Das Einschlussloch ist am Läuferplatz noch heute ersichtlich. Foto: zvg

 

• 1831: Eine liberale Welle erfasst Europa. In Bern dankt die adelige Patrizierregierung ab und macht den Weg frei für Wahlen im Kanton. Klarer Gewinner sind die Liberalen.

• 1834: Die neuen Herrscher beschliessen die Gründung einer Hochschule nach deutschem Vorbild – die Universität Bern.

• 1848: Der lockere Staatenbund ist passé. Bern wird Sitz der Bundesbehörden in der neuen Schweizerischen Eidgenossenschaft. Erste Teile des Regierungsgebäudes entstehen in den Folgejahrzenten, der Bau des Bundeshauses wird aber erst 1902 abgeschlossen.

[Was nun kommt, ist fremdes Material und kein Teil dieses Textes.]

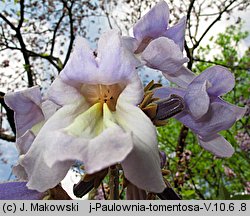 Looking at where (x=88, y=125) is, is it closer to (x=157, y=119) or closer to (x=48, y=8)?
(x=157, y=119)

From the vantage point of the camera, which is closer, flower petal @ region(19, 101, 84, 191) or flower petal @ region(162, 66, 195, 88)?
flower petal @ region(19, 101, 84, 191)

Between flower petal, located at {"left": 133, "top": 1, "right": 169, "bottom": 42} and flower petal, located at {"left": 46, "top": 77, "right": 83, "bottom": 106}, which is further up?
flower petal, located at {"left": 133, "top": 1, "right": 169, "bottom": 42}

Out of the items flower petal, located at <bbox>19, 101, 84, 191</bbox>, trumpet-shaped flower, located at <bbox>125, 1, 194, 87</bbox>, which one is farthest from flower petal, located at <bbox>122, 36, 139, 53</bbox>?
flower petal, located at <bbox>19, 101, 84, 191</bbox>

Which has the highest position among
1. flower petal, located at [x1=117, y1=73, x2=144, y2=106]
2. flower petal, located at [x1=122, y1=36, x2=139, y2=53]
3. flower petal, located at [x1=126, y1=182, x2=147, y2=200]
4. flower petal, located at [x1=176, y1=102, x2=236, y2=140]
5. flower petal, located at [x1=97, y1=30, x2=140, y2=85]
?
flower petal, located at [x1=97, y1=30, x2=140, y2=85]

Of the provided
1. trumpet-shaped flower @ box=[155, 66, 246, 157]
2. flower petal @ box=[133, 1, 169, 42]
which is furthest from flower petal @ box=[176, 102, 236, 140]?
flower petal @ box=[133, 1, 169, 42]

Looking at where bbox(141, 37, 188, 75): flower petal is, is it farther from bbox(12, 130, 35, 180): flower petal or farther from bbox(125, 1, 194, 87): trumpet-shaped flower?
bbox(12, 130, 35, 180): flower petal

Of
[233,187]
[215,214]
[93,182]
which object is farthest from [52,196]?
[233,187] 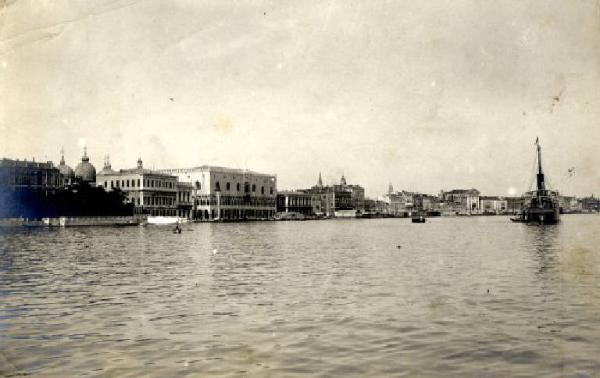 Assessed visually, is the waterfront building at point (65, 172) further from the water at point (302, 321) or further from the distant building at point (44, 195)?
the water at point (302, 321)

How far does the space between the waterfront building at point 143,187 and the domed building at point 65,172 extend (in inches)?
280

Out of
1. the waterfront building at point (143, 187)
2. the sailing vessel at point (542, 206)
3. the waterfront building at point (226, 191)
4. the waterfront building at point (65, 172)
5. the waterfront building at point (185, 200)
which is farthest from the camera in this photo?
the waterfront building at point (226, 191)

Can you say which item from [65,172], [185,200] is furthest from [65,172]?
[185,200]

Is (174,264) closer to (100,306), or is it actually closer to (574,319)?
(100,306)

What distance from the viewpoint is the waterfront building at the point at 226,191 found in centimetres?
12225

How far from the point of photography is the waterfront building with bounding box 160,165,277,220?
122250mm

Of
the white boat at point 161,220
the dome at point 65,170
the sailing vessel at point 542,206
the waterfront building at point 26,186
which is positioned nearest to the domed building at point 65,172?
the dome at point 65,170

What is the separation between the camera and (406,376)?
31.4 feet

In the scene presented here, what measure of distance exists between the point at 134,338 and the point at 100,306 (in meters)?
4.23

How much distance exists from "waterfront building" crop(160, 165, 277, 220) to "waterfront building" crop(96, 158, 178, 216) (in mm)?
8078

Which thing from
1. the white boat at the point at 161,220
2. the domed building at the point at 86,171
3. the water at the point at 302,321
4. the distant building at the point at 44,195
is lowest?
the water at the point at 302,321

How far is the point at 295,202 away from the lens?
162375 millimetres

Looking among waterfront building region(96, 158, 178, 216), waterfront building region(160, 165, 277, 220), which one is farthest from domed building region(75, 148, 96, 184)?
waterfront building region(160, 165, 277, 220)

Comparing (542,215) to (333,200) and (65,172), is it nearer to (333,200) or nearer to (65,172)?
(65,172)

• 1859: Die neue Eisenbahnlinie Bern-Münsingen-Thun setzt der bisherigen Aareschiffahrt ein Ende.

• 1861: Der norwegische Kavalleriehauptmann Lorenz Göttig Lorck stürzt – alkoholisiert und zuvor übermütig auf dem Geländer balancierend – in den Bärengraben. Mit einem Regenschirm verteidigt sich der 31-jährige gegen die Bären. Ohne Erfolg. Als die herbeigerufenen Landjäger eintreffen, ist Lorck bereits tot.

• 1870: Catharina Gontscharoff studiert als erste Frau während zwei Gastsemestern an der Universität Bern. Zwei Jahre später folgte mit Anna Galvis-Hotz die erste reguläre Studentin. Sie schliesst ihr Studium 1877 ab.

• 1890: Bern eröffnet seine erste Tramlinie. Sie führt vom Bärengraben via Bahnhof zum Bremgartenfriedhof. Frost in den Leitungen der Drucklufttram führt zu saisonalen Unterbrüchen.

• 1919: Auf Geheiss des Kantons wird das verschuldete Bümpliz in die Stadt Bern eingemeindet.

Bevor Bümpliz ein Teil Berns wurde, war es ein Dorf. Bild: Staatsarchiv Kanton Bern

 

• 1908: Albert Einstein, der Begründer der Relativitätstheorie, lehrt für drei Semester lang theoretische Physik an der Universität Bern.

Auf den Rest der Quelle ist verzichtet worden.